Suddenly, a potential solution for Naomi, Orpah, and Ruth arises. The Lord seems to be forgiving Israel for their evil ways, and blessing them with good crops again. In the ancient Near East, deity played the most important role in cause and effect, both in history and in nature. In our worldview we would be inclined to identify human or natural cause and effect first and then mention that “of course, God was behind it all.” In the ancient Near East, it would be the other way around. God would be identified as the cause behind famine or war, with natural or human causes given secondary notice, if mentioned at all.
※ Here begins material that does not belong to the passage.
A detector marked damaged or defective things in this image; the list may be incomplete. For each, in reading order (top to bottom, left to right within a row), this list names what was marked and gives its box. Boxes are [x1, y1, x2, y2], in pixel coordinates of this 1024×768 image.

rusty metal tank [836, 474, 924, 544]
Naomi can now return to Israel and hope to find relatives who would take her into their families there. No longer would she have to try to survive as a widowed, alien woman in a hostile country. Yet, if she returns to Bethlehem with her daughters-in-law, the younger women would be widows and aliens in Israel. Every choice she faces is a hard choice.
Question 2
Even though Naomi had known bitter disappointment, she found hope for God’s blessing in her life, and she is willing to risk everything to receive it. Have you ever taken a big risk in order to receive what you hope will be blessings from God? What was that like? Are you facing a decision like this right now? What is it that gets you moving? Do you stay home and endure the discomfort you know in familiar surroundings. Or do you up stakes and move on into a possible promise but still uncertain future in unfamiliar circumstances. What will help you decide?
Matthew 13:24-30
The parable of the wheat and the weeds seems to say that we can find wonder, joy, and hope in the very mixed circumstances of our lives. “Biblical realism is not utopianism nor fatalistic despair,” according to Steve’s sermon. “Reality is the friend of God.” The art of life not to search for perfect conditions in order to begin living, but to begin living no matter what conditions you’re in. Steve’s fill-in-the blank suggests four steps for doing this (see separate attachment.)
Question 3
Which of the four steps have ever tried? How did it/they work for you? Which steps do you think might help you right now?
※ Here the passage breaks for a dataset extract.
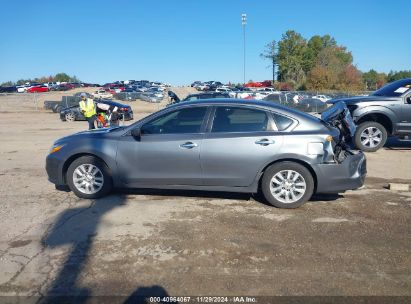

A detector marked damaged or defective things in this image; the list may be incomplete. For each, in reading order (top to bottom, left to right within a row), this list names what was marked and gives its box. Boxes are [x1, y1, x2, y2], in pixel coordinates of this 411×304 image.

damaged gray sedan [46, 98, 368, 208]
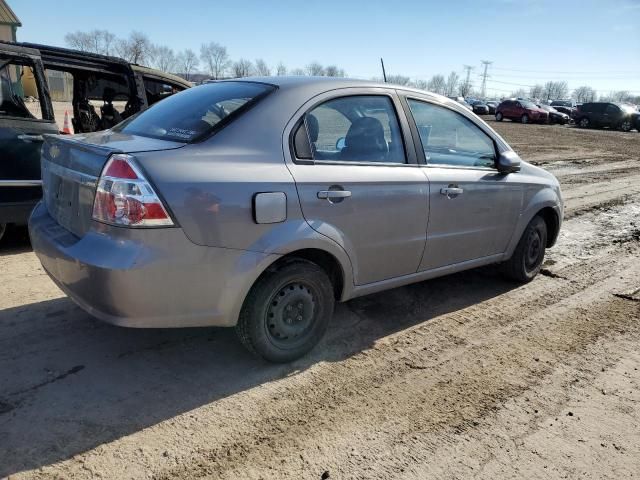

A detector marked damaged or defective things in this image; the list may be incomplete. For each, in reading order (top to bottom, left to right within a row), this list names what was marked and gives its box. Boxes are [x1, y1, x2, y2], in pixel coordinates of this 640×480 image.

damaged van body [0, 40, 190, 239]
What do you find personally challenging for you in this?
The farmer in the parable says that the wheat and the weeds are so entangled that if you pull up the weeds, you’ll end up pulling up the wheat. What “wheat” in you or in your life is so precious that it’s worth preserving, even at the risk of weeds? What weeds are you chopping that maybe you should let grow a while longer? Are all the weeds and wheat in your life entangled like this, or only some?